● Stored items from a collection:
────────────────────

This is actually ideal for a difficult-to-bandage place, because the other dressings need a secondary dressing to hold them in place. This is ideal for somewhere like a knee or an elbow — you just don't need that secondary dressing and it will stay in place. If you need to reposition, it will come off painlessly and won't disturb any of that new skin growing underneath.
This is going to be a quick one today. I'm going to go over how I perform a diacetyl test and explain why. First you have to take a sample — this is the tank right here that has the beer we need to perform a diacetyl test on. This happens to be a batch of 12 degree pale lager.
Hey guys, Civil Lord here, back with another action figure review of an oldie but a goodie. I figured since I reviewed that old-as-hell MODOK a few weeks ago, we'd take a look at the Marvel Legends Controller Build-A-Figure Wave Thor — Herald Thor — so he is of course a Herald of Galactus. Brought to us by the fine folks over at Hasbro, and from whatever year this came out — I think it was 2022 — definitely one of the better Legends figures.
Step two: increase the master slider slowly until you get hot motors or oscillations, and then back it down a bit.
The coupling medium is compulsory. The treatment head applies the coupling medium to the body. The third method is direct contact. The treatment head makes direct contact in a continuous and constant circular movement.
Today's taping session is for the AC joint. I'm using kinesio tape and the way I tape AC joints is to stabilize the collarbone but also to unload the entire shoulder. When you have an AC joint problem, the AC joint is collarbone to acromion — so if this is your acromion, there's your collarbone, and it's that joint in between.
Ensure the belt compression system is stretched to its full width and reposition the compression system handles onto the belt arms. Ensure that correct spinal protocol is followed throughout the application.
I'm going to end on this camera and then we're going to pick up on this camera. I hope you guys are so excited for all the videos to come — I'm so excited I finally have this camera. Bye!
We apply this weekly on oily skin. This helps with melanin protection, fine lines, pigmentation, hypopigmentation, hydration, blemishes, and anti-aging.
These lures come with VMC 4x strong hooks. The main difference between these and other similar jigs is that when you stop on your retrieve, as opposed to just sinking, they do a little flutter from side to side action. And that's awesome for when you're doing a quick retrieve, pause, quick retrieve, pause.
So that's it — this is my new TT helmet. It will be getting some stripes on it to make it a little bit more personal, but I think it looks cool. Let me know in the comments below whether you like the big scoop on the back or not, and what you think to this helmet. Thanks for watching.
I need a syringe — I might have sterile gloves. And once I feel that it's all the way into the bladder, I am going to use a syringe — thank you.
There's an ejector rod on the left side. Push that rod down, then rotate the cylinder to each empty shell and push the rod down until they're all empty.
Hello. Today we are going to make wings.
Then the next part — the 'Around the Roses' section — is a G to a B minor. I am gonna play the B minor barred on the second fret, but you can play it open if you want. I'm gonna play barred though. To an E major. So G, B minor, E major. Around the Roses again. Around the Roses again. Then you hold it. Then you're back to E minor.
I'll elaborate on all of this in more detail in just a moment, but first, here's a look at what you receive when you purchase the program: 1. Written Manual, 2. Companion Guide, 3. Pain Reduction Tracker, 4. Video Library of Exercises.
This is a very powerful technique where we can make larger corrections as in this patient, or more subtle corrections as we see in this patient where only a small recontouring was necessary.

────────────────────

Look back at the entries above. Retype the line with "I'm going to end", the line with "Hello. Today we are going to make wings.", and all lines in between.

I'm going to end on this camera and then we're going to pick up on this camera. I hope you guys are so excited for all the videos to come — I'm so excited I finally have this camera. Bye!
We apply this weekly on oily skin. This helps with melanin protection, fine lines, pigmentation, hypopigmentation, hydration, blemishes, and anti-aging.
These lures come with VMC 4x strong hooks. The main difference between these and other similar jigs is that when you stop on your retrieve, as opposed to just sinking, they do a little flutter from side to side action. And that's awesome for when you're doing a quick retrieve, pause, quick retrieve, pause.
So that's it — this is my new TT helmet. It will be getting some stripes on it to make it a little bit more personal, but I think it looks cool. Let me know in the comments below whether you like the big scoop on the back or not, and what you think to this helmet. Thanks for watching.
I need a syringe — I might have sterile gloves. And once I feel that it's all the way into the bladder, I am going to use a syringe — thank you.
There's an ejector rod on the left side. Push that rod down, then rotate the cylinder to each empty shell and push the rod down until they're all empty.
Hello. Today we are going to make wings.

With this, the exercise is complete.